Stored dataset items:
_ _ _ _ _ _ _
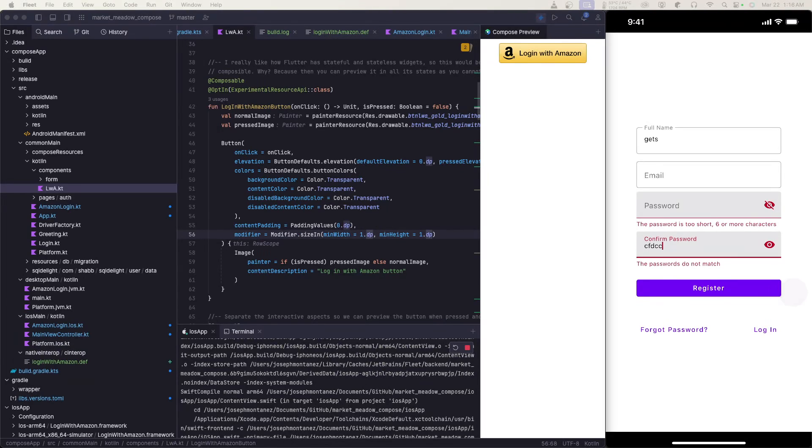Hello, I'm Joseph. I made a previous video on Kotlin Compose Multi-platform. I went ahead and implemented Login with Amazon, and I want to walk you through some of the stuff I did here.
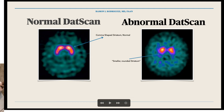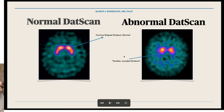As we move to the image on the right side, we see that there is a decrease in the uptake of this contrast — we don't see that comma shape. So this is abnormal, and many times we also see an asymmetry where one side is actually smaller than the other side, which goes along with the typical finding in people with Parkinson's where one side of the body is typically more affected than the other.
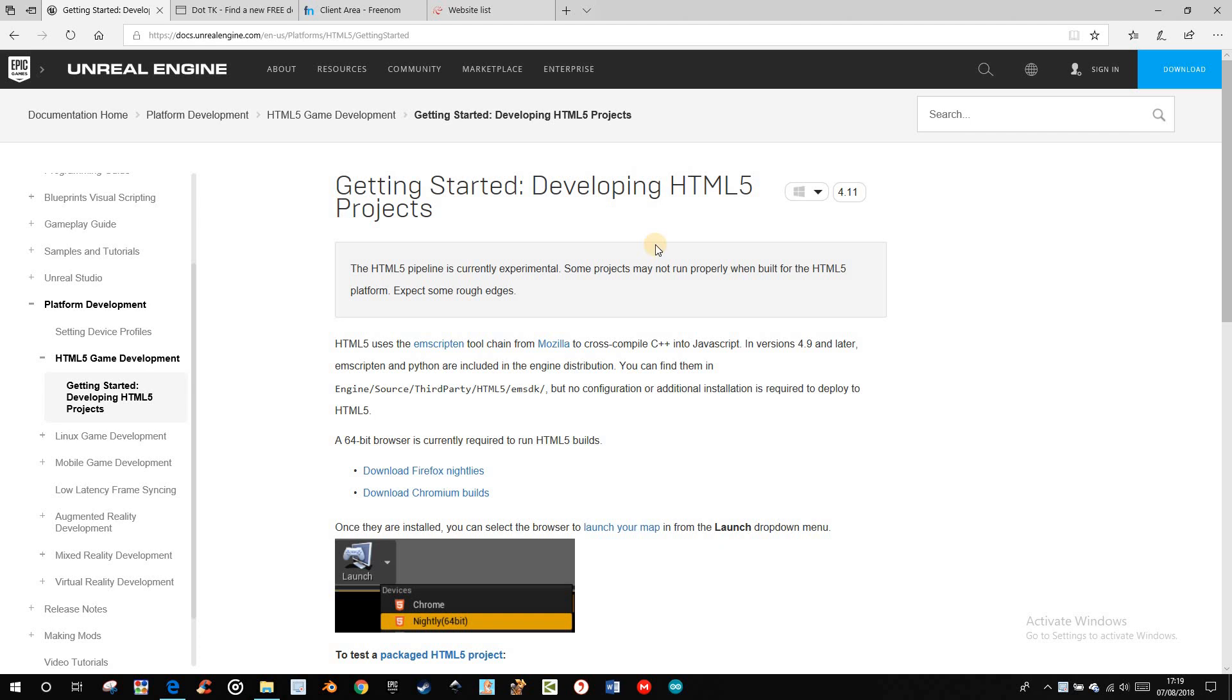Hi, today I'd like to show you how you can export your Unreal Engine 4 game as HTML5 and upload it to your own website.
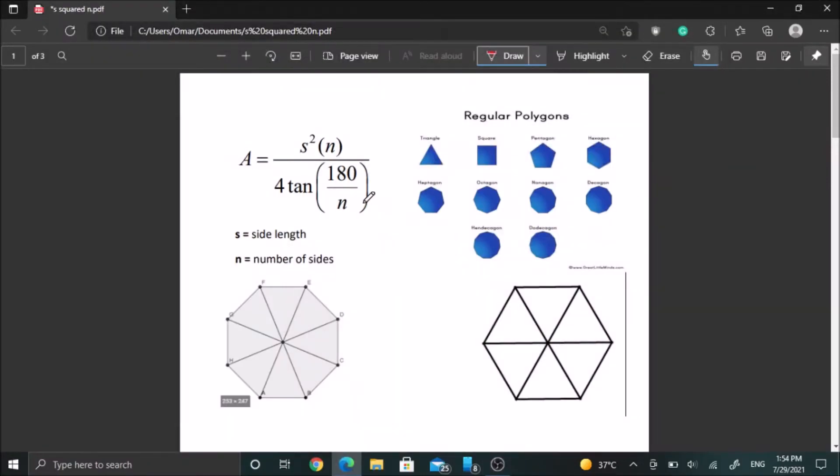Hello everyone. In this video I'll be going over this formula which can be used to find the area of any regular polygon with a side length of s and n sides.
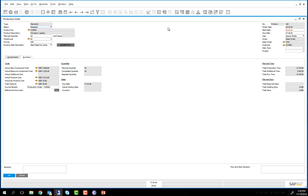The summary tab also shows other information such as the planned, completed or rejected quantities. And any planned time such as the total production time or the planned days like the total required days, waiting days and total days. We have now demonstrated how you complete a production order and we were able to complete route stage 5, the sticking stage of the production order.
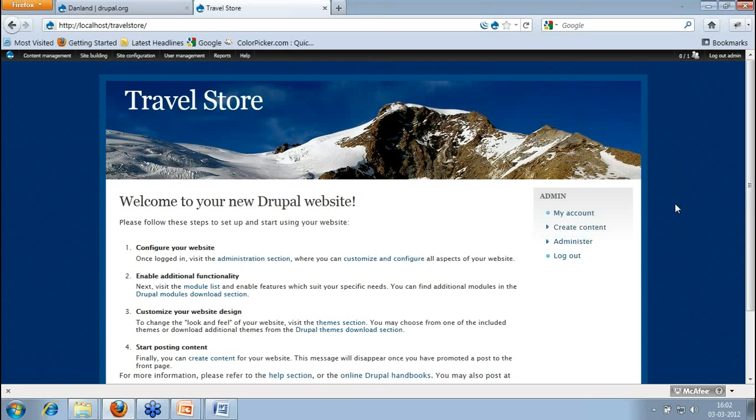First is the info. Info will give you what all regions, blocks, and sections are there in your theme, what all styles and JavaScript things you are adding, the information, the name of your theme.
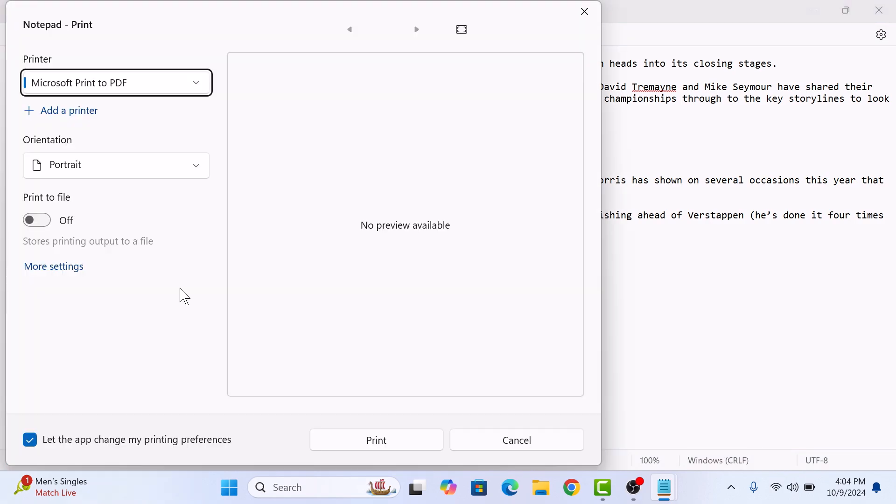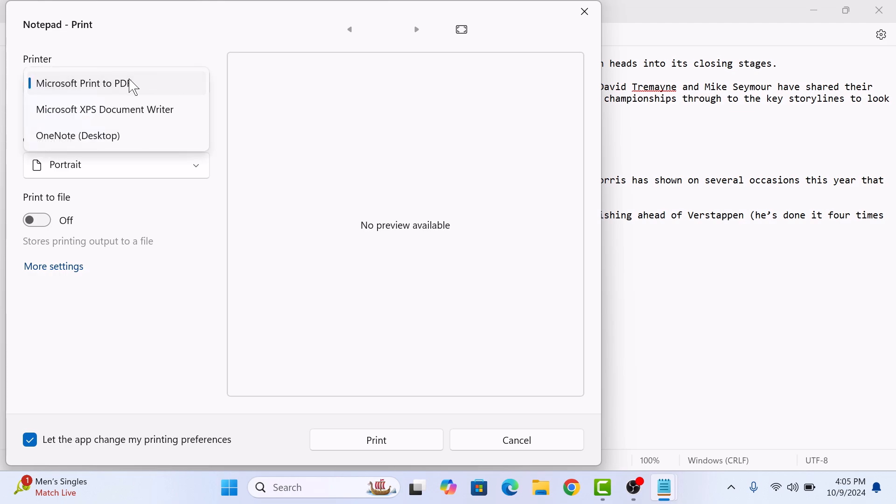A print dialog box will appear. In select printer or print option, select Microsoft print to PDF option. Click on Microsoft print to PDF. Now click on the print button.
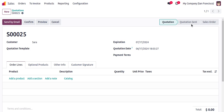Here you can see the status bar: Quotation, Quotation Sent, and Sales Order. Quotation means it's still in the draft stage. Quotation Sent means that after filling in the necessary details, we can send this quotation to the customer using the Send by Email button.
_ _ _ _ _ _ _
### What you are asked to do
Please set down every record exactly as it appears, leaving out the pictures.

### Response to the exercise
Hello, I'm Joseph. I made a previous video on Kotlin Compose Multi-platform. I went ahead and implemented Login with Amazon, and I want to walk you through some of the stuff I did here.
As we move to the image on the right side, we see that there is a decrease in the uptake of this contrast — we don't see that comma shape. So this is abnormal, and many times we also see an asymmetry where one side is actually smaller than the other side, which goes along with the typical finding in people with Parkinson's where one side of the body is typically more affected than the other.
Hi, today I'd like to show you how you can export your Unreal Engine 4 game as HTML5 and upload it to your own website.
Hello everyone. In this video I'll be going over this formula which can be used to find the area of any regular polygon with a side length of s and n sides.
The summary tab also shows other information such as the planned, completed or rejected quantities. And any planned time such as the total production time or the planned days like the total required days, waiting days and total days. We have now demonstrated how you complete a production order and we were able to complete route stage 5, the sticking stage of the production order.
First is the info. Info will give you what all regions, blocks, and sections are there in your theme, what all styles and JavaScript things you are adding, the information, the name of your theme.
A print dialog box will appear. In select printer or print option, select Microsoft print to PDF option. Click on Microsoft print to PDF. Now click on the print button.
Here you can see the status bar: Quotation, Quotation Sent, and Sales Order. Quotation means it's still in the draft stage. Quotation Sent means that after filling in the necessary details, we can send this quotation to the customer using the Send by Email button.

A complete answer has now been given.